Depuis son arrivée au pouvoir en 2019, Bolsonaro a fait de la privatisation une pièce maîtresse de son programme politique, ciblant toutes les entreprises publiques et les infrastructures publiques, y compris le réseau brésilien de services d’eau.
L’année dernière, il a défendu une loi qui oblige les municipalités à mettre en vente les services d’eau en cas de contrats nouveaux ou renouvelés, une décision que le délégué commercial du Canada au Brésil a salué pour avoir créé «un marché prometteur pour les entreprises canadiennes».
Bolsonaro était flanqué à la Bourse du ministre de l’Économie Paulo Guedes, l’architecte de son programme de privatisations et un ancien membre des fameux « Chicago Boys » . Ce groupe d’économistes de droite a conseillé la dictature meurtrière d’Augusto Pinochet au Chili sur sa privatisation des entreprises d’État dans les années 1970 et 1980.
La plus grande banque d’investissement d’Amérique latine, BTG Pactual, cofondée par Guedes et poursuivie pour acquisition corrompue d’actifs publics sous le gouvernement de Bolsonaro, a représenté la société canadienne en tant que courtier lors de la vente aux enchères.
« Je tiens à remercier les investisseurs pour leur confiance dans le programme », a déclaré Guedes à la Bourse. « Et je tiens à remercier le gouverneur d’avoir eu le courage de lancer la première grande privatisation de notre programme de transformation sociale. »
Quelques heures auparavant, l’assemblée législative de l’État de Rio de Janeiro avait voté l’arrêt de la vente aux enchères, mais le gouverneur par intérim et allié de Bolsonaro, Clàudio Castro, a annulé la décision par décret et lui a ordonné de se poursuivre.
« Nous pensons que l’accord est illégal », a déclaré Maximiliano Garcez, un avocat représentant le syndicat brésilien des travailleurs de l’eau à Rio de Janeiro et le syndicat des ingénieurs de l’État, qui contestent la vente devant les tribunaux. « Ce n’est pas seulement une violation du droit à l’eau potable et à l’assainissement, mais aussi la primauté du droit.

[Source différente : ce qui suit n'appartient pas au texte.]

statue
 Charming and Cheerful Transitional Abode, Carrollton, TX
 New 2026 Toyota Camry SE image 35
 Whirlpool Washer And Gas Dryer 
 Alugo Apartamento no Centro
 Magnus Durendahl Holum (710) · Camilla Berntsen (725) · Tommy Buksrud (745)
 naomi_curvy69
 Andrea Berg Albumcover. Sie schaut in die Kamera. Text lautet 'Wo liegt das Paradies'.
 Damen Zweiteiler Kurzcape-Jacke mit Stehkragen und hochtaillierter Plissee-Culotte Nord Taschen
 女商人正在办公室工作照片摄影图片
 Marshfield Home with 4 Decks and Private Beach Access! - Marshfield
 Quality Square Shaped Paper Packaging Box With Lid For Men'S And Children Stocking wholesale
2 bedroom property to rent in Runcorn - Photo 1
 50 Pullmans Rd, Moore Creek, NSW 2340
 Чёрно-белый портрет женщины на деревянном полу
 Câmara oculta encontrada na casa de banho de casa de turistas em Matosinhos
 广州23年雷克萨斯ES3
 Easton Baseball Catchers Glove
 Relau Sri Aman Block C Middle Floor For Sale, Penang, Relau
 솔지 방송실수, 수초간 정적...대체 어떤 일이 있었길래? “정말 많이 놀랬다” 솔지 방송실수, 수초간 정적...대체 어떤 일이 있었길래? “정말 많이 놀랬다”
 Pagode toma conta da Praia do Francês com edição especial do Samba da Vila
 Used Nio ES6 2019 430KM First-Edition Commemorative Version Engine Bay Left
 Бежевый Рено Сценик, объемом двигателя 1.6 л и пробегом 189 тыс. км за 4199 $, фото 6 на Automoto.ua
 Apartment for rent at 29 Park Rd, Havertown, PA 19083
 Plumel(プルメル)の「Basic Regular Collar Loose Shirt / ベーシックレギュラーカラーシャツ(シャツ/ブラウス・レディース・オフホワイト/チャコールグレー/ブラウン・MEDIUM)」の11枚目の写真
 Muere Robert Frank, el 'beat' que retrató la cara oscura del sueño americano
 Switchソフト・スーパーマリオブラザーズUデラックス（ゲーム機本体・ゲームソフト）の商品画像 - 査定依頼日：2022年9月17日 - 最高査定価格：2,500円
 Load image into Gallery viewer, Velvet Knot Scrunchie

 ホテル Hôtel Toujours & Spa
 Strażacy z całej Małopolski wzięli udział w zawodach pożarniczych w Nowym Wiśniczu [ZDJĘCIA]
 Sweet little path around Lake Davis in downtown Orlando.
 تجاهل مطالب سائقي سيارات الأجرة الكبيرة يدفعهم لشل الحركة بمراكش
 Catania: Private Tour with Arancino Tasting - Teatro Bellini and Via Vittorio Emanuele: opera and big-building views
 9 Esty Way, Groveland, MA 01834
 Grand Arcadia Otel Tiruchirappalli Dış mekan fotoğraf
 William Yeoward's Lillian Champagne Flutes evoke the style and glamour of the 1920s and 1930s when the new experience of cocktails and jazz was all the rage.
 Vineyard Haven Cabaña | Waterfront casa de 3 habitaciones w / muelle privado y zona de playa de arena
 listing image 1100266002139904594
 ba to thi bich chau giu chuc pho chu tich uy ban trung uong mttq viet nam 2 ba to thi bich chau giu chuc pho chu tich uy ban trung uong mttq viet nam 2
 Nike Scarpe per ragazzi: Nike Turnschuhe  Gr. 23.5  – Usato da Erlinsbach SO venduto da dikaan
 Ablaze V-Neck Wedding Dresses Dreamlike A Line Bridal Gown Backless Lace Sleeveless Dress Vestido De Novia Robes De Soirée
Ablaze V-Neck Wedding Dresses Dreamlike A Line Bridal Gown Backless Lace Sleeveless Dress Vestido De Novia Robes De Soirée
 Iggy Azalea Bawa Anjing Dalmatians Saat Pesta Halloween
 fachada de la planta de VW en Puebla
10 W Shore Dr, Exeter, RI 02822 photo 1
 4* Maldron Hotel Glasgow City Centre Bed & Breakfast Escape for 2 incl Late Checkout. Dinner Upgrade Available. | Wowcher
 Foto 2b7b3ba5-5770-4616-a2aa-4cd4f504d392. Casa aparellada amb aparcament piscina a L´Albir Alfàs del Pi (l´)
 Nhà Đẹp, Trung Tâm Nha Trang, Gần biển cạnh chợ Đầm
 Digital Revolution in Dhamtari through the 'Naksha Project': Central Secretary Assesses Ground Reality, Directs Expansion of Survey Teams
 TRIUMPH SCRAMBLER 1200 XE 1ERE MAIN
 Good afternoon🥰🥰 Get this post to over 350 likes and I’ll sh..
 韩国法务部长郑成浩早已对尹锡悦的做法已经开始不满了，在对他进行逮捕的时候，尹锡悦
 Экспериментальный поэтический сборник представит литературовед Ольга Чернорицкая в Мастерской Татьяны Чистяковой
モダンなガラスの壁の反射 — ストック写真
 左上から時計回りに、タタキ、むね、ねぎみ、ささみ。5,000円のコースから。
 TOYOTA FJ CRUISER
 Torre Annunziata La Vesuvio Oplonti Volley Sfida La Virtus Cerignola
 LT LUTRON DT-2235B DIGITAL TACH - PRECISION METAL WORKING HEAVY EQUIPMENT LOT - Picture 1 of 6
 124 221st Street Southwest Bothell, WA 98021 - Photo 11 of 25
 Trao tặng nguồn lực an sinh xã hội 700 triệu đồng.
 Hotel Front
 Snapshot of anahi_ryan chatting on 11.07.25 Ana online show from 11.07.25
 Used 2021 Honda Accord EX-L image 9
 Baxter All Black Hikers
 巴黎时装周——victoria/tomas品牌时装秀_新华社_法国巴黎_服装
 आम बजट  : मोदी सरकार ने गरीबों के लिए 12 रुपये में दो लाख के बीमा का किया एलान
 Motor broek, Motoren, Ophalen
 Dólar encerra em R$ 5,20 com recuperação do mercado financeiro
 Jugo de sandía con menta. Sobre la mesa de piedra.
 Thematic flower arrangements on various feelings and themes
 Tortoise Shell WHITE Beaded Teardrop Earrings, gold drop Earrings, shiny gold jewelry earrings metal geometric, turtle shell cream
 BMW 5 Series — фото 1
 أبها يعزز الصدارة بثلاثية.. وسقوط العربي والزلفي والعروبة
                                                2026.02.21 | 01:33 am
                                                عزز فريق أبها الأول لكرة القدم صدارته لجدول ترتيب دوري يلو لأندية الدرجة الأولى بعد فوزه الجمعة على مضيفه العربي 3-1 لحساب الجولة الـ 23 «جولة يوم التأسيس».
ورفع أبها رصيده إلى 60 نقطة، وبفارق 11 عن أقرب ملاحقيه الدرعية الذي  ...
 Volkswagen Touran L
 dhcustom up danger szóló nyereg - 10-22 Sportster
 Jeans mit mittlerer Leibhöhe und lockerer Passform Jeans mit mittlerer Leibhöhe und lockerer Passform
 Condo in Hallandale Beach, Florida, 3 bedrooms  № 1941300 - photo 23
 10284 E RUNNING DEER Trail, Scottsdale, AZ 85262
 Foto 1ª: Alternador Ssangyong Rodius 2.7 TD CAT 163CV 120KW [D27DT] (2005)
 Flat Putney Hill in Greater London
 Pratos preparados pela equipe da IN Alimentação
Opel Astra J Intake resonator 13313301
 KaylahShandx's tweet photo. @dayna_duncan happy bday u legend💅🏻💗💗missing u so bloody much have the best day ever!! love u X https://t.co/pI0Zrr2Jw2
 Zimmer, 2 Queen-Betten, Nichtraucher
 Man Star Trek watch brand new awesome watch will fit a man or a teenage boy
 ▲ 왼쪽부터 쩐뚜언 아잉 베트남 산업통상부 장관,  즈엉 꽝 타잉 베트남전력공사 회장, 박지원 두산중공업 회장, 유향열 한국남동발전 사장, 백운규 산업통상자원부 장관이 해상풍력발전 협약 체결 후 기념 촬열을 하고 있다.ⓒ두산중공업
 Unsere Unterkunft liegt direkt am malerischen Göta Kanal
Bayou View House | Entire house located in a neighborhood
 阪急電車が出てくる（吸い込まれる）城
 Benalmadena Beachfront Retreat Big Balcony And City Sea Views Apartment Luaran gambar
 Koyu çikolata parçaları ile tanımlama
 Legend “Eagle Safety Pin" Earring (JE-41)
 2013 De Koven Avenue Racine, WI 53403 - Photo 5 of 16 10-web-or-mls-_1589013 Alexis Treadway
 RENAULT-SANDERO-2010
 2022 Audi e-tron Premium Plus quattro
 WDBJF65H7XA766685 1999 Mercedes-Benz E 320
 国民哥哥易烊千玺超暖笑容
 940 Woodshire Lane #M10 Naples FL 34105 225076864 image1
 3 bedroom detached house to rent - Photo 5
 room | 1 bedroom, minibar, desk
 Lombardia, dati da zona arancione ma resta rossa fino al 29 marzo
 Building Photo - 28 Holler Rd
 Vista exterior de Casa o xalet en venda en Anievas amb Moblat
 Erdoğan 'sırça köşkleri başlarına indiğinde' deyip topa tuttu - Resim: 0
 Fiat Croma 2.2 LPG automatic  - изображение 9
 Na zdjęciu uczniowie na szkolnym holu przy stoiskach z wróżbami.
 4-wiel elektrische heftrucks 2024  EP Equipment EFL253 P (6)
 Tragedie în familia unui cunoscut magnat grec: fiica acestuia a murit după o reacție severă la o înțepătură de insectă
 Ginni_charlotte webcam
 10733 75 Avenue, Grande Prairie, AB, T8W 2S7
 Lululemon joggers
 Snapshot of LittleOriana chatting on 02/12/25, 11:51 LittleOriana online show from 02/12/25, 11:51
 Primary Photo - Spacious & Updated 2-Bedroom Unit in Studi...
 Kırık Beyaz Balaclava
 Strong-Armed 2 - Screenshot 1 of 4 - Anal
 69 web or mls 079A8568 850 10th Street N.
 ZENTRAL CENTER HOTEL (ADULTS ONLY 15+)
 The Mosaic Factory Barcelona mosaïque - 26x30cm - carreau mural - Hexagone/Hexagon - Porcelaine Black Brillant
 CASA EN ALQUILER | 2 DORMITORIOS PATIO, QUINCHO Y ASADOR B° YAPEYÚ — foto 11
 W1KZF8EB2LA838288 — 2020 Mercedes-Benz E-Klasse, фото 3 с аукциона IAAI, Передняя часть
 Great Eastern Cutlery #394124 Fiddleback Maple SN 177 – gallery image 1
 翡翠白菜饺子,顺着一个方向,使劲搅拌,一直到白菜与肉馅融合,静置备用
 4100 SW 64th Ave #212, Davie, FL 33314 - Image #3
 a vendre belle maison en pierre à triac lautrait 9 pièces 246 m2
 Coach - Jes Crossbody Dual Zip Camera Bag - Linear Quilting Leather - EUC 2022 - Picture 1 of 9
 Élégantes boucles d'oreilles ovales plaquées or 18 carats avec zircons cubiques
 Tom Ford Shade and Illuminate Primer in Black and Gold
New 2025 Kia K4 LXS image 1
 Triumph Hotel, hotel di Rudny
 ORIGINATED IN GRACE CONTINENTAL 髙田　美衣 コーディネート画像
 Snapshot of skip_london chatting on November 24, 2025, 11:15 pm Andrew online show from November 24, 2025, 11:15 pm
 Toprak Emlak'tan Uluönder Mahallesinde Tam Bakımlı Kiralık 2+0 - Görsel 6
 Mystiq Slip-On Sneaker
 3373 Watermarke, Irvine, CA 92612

L’OIRPC gère plusieurs centaines de milliards de dollars de fonds de pension au nom de 20 millions de retraités canadiens, mais a été critiqué pour avoir financé des projets qui alimentent la crise climatique et les violations des droits humains. L’année dernière, le député néo-démocrate Alistair MacGregor a présenté un projet de loi à la Chambre des communes pour ajouter des lignes directrices en matière d’investissement éthique au mandat de l’OIRPC, mais le projet de loi a été rejeté par les libéraux et les conservateurs en mars.
« Je crois que l’eau potable et l’assainissement sont un droit humain et, en tant que tel, doivent rester entre les mains du public », a déclaré MacGregor après avoir pris connaissance de l’investissement brésilien. « Je pense que si mon projet de loi avait été adopté, il aurait été difficile pour l’Office d’aller de l’avant avec cela.
Un porte-parole de l’OIRPC a refusé de répondre aux questions de The Breach, mais a fourni un commentaire écrit.
« L’opportunité d’investir dans une entreprise capable de répondre à la forte demande de services d’eau et d’assainissement améliorés au Brésil correspond bien à notre portefeuille d’infrastructures mondiales diversifiées », a-t-il déclaré. « Grâce aux investissements extérieurs, le Brésil peut étendre et améliorer la qualité de ses services d’assainissement et d’eau beaucoup plus rapidement, au service de nombreuses communautés dans le besoin. »
Le rapporteur spécial des Nations Unies sur les droits de l’eau a déclaré l’année dernière que la privatisation de services vitaux comme l’eau « coûte cher aux pauvres et peut entraîner des violations des droits de l’homme ».
Les investissements précédents de l’OIRPC ont provoqué des protestations, notamment des participations dans deux sociétés américaines qui exploitaient des prisons privées pour immigrés sous Donald Trump. Le fonds de pension a discrètement vendu sa participation en 2019 suite au tollé général.
« L’OIRPC n’a qu’un seul mandat, maximiser le taux de rendement de son portefeuille, sans aucune restriction sur la façon dont», a déclaré Kevin Skerrett, chercheur en régimes de retraite au Syndicat canadien de la fonction publique, qui a appelé le régime de retraite à se dessaisir de le régime brésilien.
« Les huit plus grands fonds de pension au Canada gèrent actuellement 1,75 billion de dollars d’investissements sur les marchés mondiaux, et bien que nous ne regardions peut-être pas les fonds de pension avec la même suspicion que celle que nous réservons à Goldman Sachs, ils ne fonctionnent pas du tout différemment. »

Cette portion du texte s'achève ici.